[[ DATA TO PROCESS, beginning ]]

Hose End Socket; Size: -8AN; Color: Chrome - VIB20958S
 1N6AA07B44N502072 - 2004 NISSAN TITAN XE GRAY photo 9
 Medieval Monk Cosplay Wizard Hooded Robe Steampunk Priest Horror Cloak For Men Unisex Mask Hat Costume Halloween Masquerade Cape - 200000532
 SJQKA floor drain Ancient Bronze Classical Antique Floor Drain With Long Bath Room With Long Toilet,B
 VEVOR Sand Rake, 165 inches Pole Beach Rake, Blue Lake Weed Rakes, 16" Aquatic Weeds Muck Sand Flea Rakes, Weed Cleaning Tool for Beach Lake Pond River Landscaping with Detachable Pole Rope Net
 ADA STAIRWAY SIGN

[[ DATA TO PROCESS, end ]]

**THE TASK:** Could you write out the material above exactly as it appears?

**ANSWER FOR THE TASK:**
Hose End Socket; Size: -8AN; Color: Chrome - VIB20958S
 1N6AA07B44N502072 - 2004 NISSAN TITAN XE GRAY photo 9
 Medieval Monk Cosplay Wizard Hooded Robe Steampunk Priest Horror Cloak For Men Unisex Mask Hat Costume Halloween Masquerade Cape - 200000532
 SJQKA floor drain Ancient Bronze Classical Antique Floor Drain With Long Bath Room With Long Toilet,B
 VEVOR Sand Rake, 165 inches Pole Beach Rake, Blue Lake Weed Rakes, 16" Aquatic Weeds Muck Sand Flea Rakes, Weed Cleaning Tool for Beach Lake Pond River Landscaping with Detachable Pole Rope Net
 ADA STAIRWAY SIGN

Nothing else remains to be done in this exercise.